With the growing concentration of commerce and business, the familiar mix of public and private spaces in the inner-city areas is increasingly becoming distorted. Retailers as well as small and larger businesses are being squeezed out. And large, commercial centers spring up on the outskirts, where customers can intensely pursue their shopping needs “under a single roof”. Josef Schulz observed this development most clearly in France.
Shopping mall architecture does not try and mislead the viewer; it is functional, simple and modest. Façade design is influenced by the principles driving the modern world of products.

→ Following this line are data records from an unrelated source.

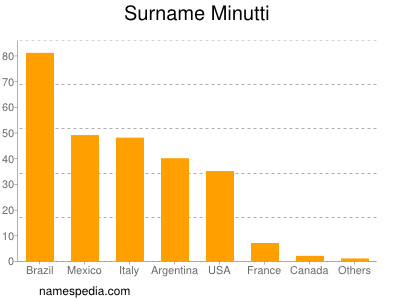 Familiennamen Minutti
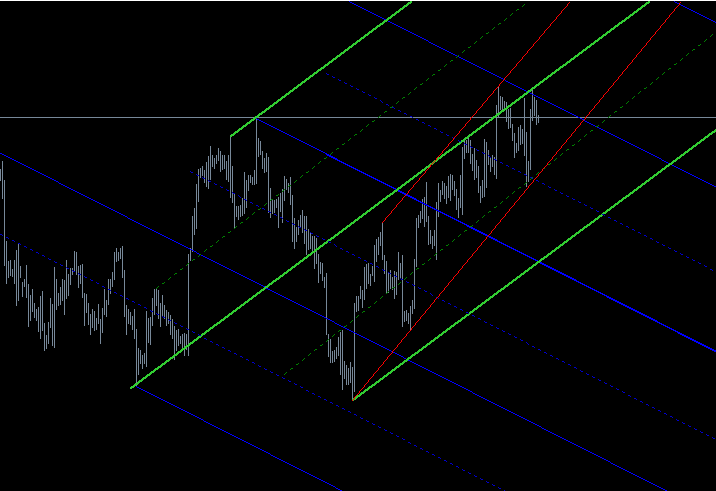 eurusd0809_4h00.GIF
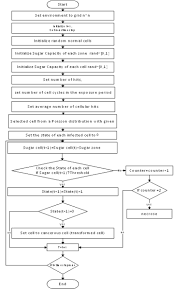 It Shows Flow Chart Shows The Algorithm Of The Program And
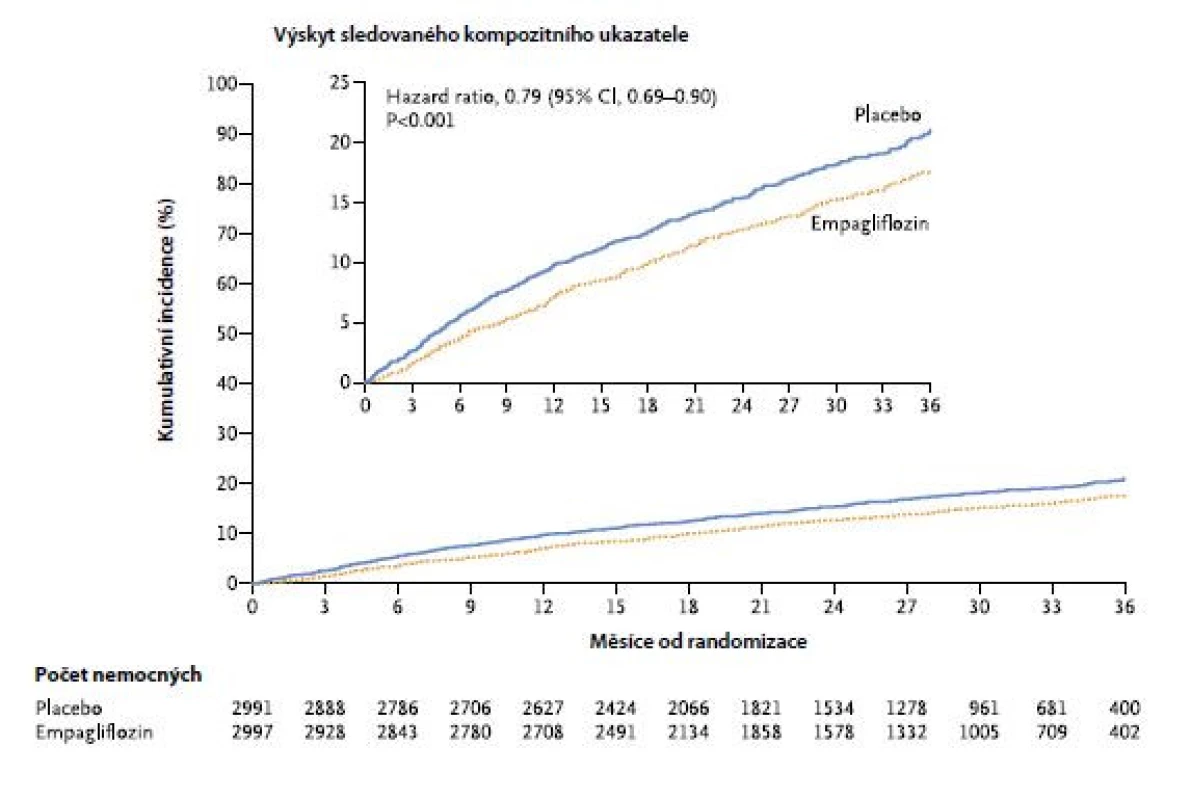 Přínos empagliflozinu
u osob s HFpEF ve studii EMPEROR‑Preserved
Trial (dle (18))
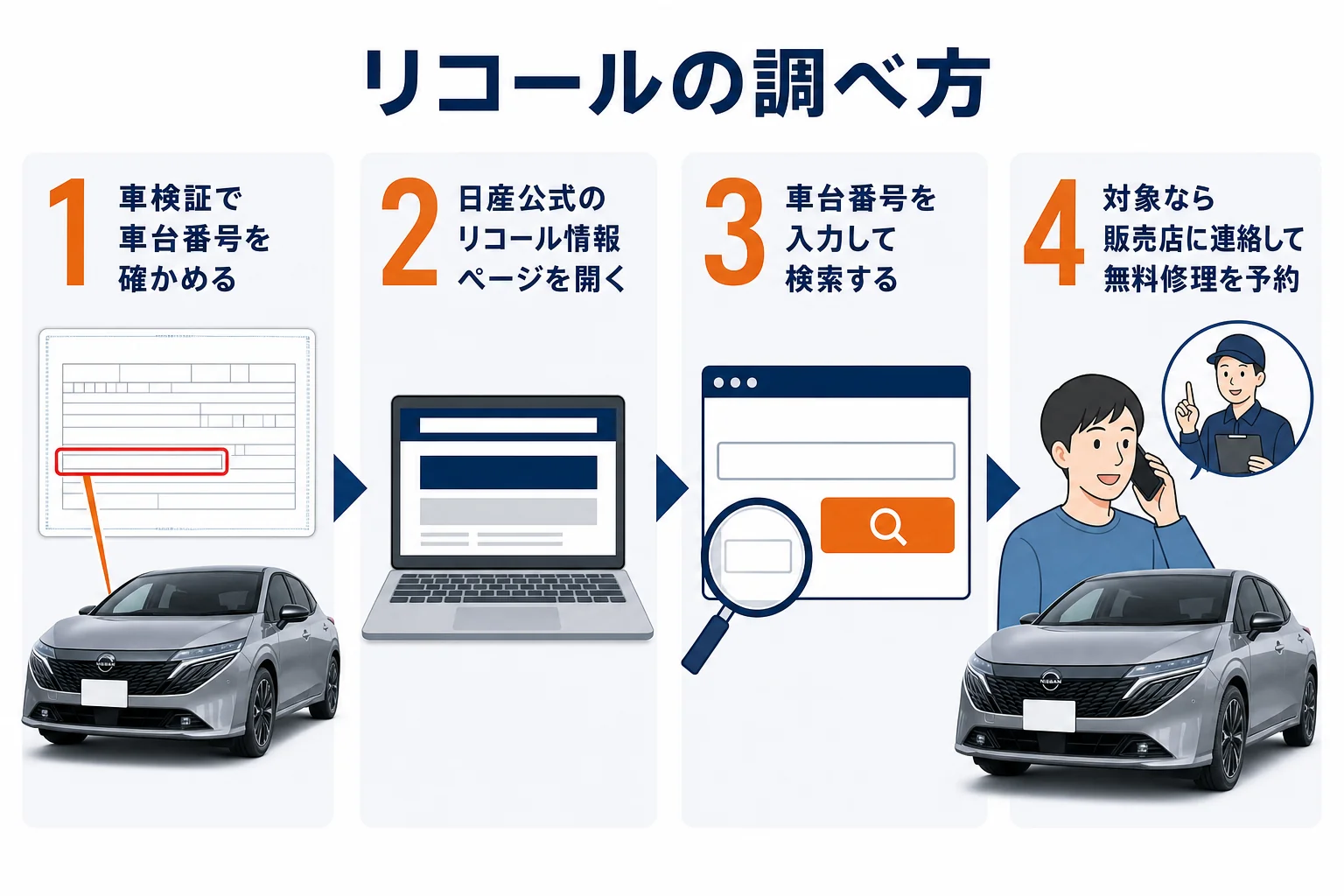 ノートオーラのリコールを車台番号で調べる手順を示した図解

Eye-catching surfaces compensate for the uniformity of industrially-produced goods: logos suggest quality, lettering that is visible from afar indicates the sender and depicts advertising messages, while striking, elementary colors are to tempt people into consuming.
Josef Schulz creates his panoramas from twenty to thirty single shots. He does not attempt to conceal the breaks in perspective this produces. “Not what you would call attractive buildings,” he comments. But his intention was not to document the current state of commercial architecture at the start of the 21st century. Instead, he wished to turn motifs that had not been used till then into subjects worthy of being photographed. His panoramas idealize reality: they develop an aesthetic that obeys its own laws.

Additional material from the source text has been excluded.